Patterns for solving the Adobe San Jose Semaphore cryptograph

After putting this down for a few days to work on a new session on Adobe’s Security Architecture for the upcoming Max 2006 show, I came back to the Semaphore Website and observed some patterns. This time, I have the benefit of actually being able to both see the semaphore as well as hearing the codes. For each 7.2 second change, I noted the position of each of the four glyphs and the string-integer code. There is a repeated pattern of both the visual and audio clues synchronized. The following characters are used to denote the glyph’s position: | - vertical; \ top left to bottom right; / bottom left to top right and – for horizontal.

-| \ - K02
\ --- M 14
-/// L09
\|// O10
|\\/ B01
-||| K8
-/-/ C10
\\|/ E2
/|-- N11
\//\ G8
|/|/ K2 (note that even though K2 repeats, glyphs are different)
/\\/ M14
|--| L (5 or 9 – was not sure)
//-/ O10
- ||| B1
|//\ K8
|-\| C10
/|/| N11
/--- G8
--/| K2
\||| M14
-\\\ L9
\-\| O10
|//\ B01
---- K08
-\|\ C10
\/-\ E2
/-|| N11
\\\/ G8
|\-\ K2
///\ M14
|||- L9
/\|\ O10
---- B1 (note the glyphs repeat but not the alpha-numeric)
|\\/ K8
||/- C10
/-\- E02
/||| G8
-|\- K02 (First in sequence of compelte repeat. Duplicate with first entry.)

From here is repeated the entire cycle over. Given it started repeating a third time in a row, I got an idea. Perhaps it repeats a certain section of the code specific to each client. Some aspect of the interaction between the client and the server for Semaphore “seeds” the semaphore to produce a specific set of codes. Being in the mood to test, I hit “reload” and low and behold, the alpha numerics were the same but the glyphs were different. CAVEAT: I did not go through the entire cycle to verify it.

Hypothesis:

If Semaphore reacts to it’s environment, it might use some unique aspect of web based interactions to seed the pattern to avoid pattern detection between multiple clients. Maybe this hypothesis is too nerdy and over-analytical but I would be very interested in the abilities of others to see this. I also would be interested to see if the real world live Semaphore is synchronized with the simulcast. If someone could go in front of the Adobe building with a laptop connected ot the internet and visually verify whether or not the Semaphore’s glyphs are the same as on their laptop screen, it would be useful information.

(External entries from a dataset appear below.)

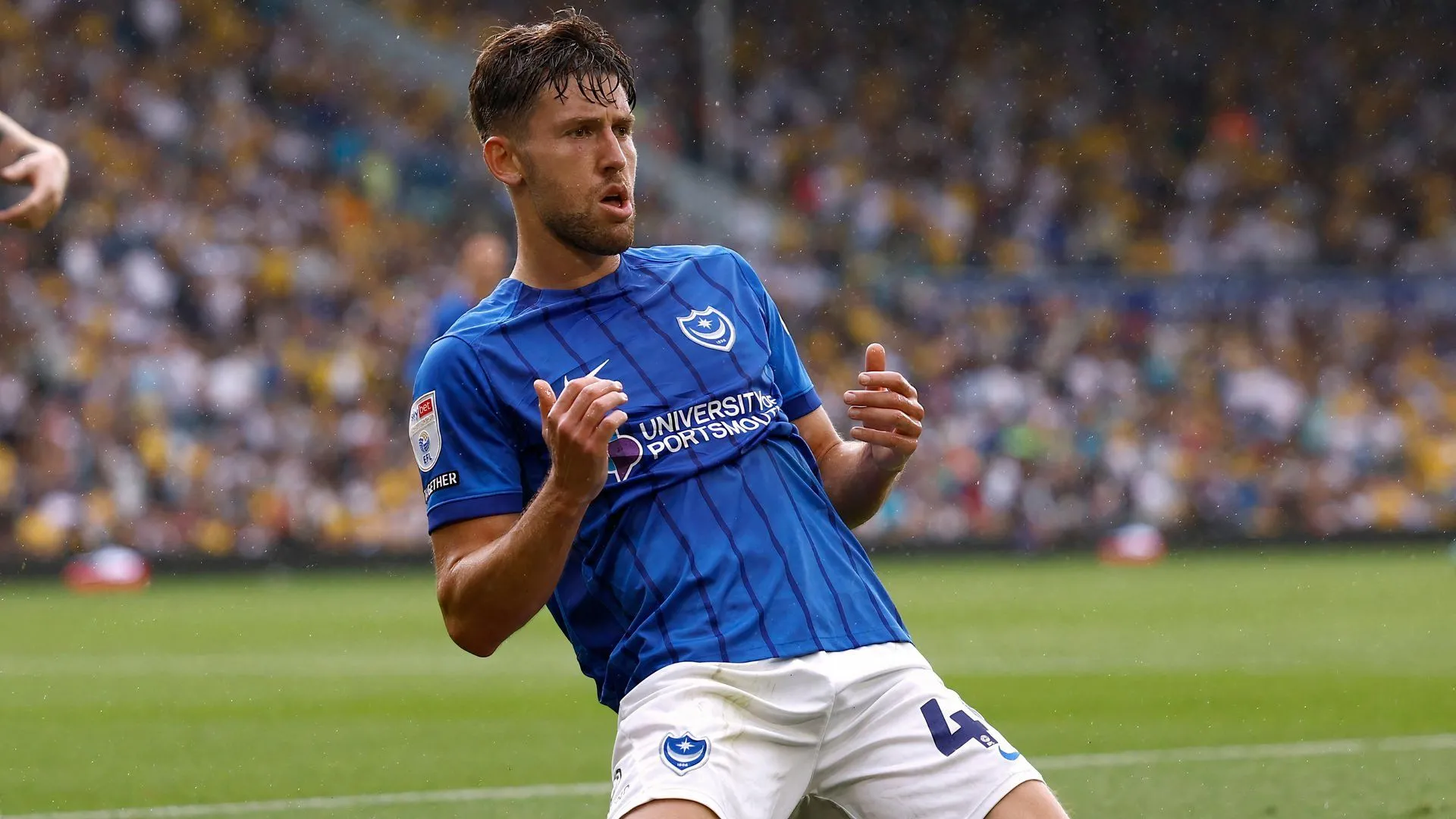 Callum Lang, tiền đạo của Portsmouth, trong màu áo đội bóng
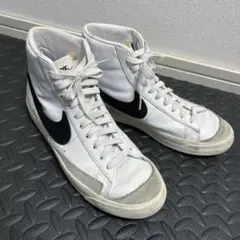 NIKE Blazer Mid ホワイト/ブラック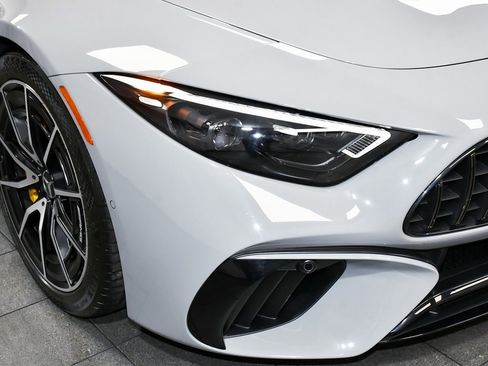 Used 2022 Mercedes-Benz SL 63 AMG 4MATIC w/ Driver Assistance Package image 86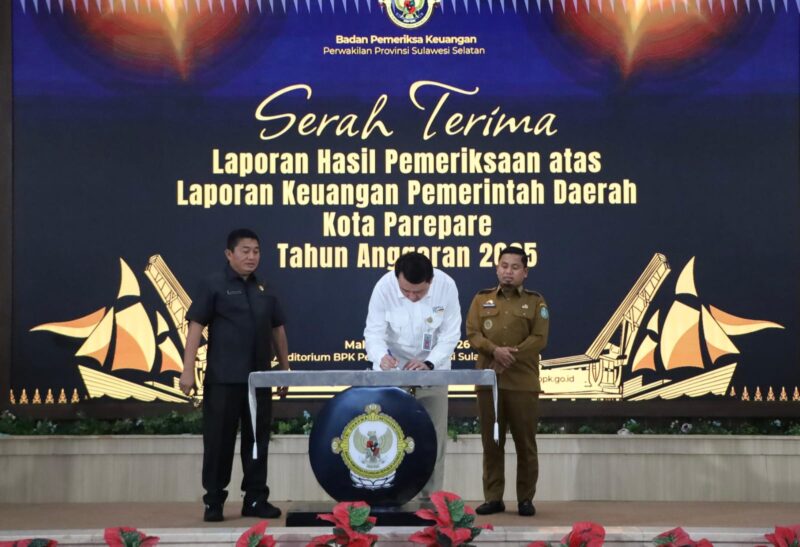 Wali kota Tasming Hamid didampingi ketu DPRD Parepare, Kaharuddin Kadir, menerima Opini WTP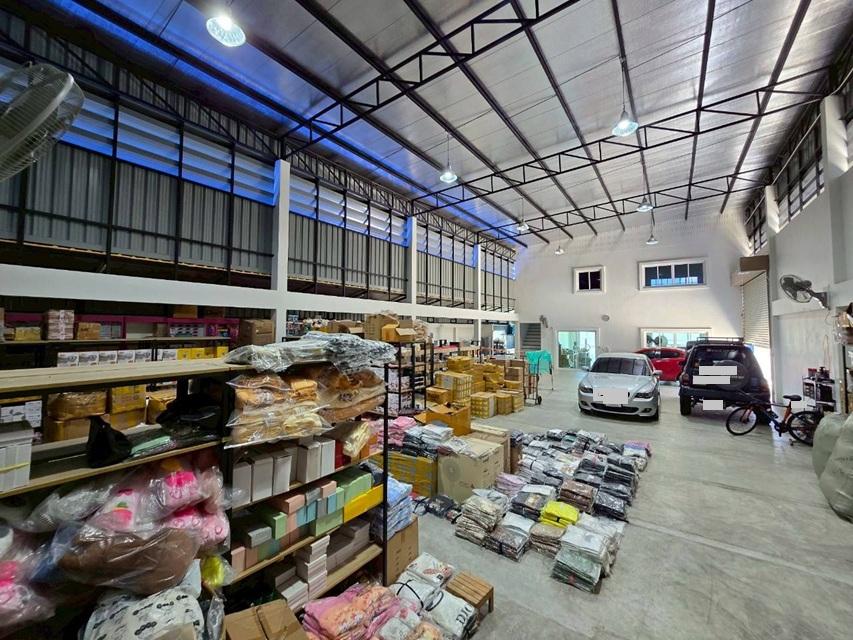 ให้เช่าโกดังพร้อมสำนักงานพร้อมห้องพัก / พื้นที่ใช้สอย 405 ตารางเมตร / Office 2 ชั้น / ทำเล ถนนกาญจนาภิเษก ติดกับสมาคมปักใต้ 10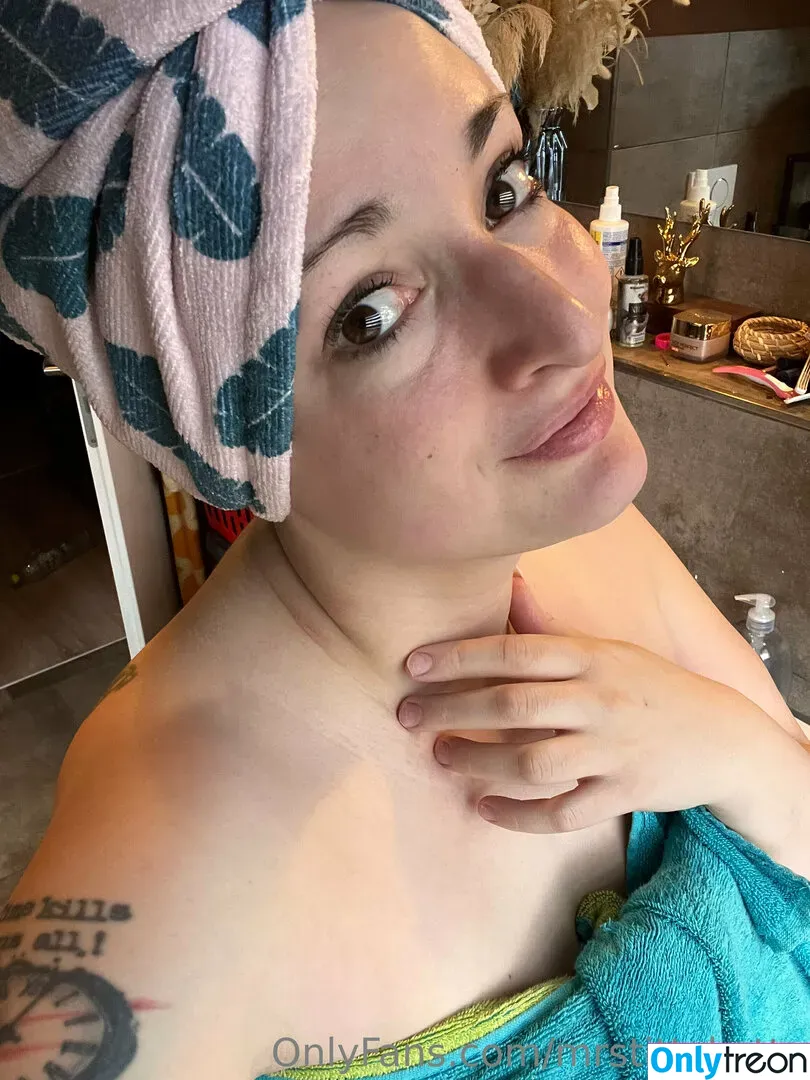 mrstittykatty голая photo #0015 (mrstittykatty)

Anyone else get the same patterns online?

16 comments:

  1. I found a pattern in the semaphore, and then found your blog through google. The pattern in the semaphore I found supports your theory that the glyphs are different for each "run". I found that for each run, the glyphs and the alphanumerics match. Once it's a new run, the glyphs for the alphanumerics change but stay consistent throughout the the run until a new run occurs. I haven't actually written down the actual beginning and end of the run but I was taking note between the audio and the visual. I, too, started out with a 16x16 table with Alpha-Papa and 1-16. I am also interested in overlaying the ascii table onto it. Also, the live broadcast seems to be different than the simulcast. I am heading over tomorrow night to sit there with my laptop and try to analyze it some more. Do you know if there's wireless there?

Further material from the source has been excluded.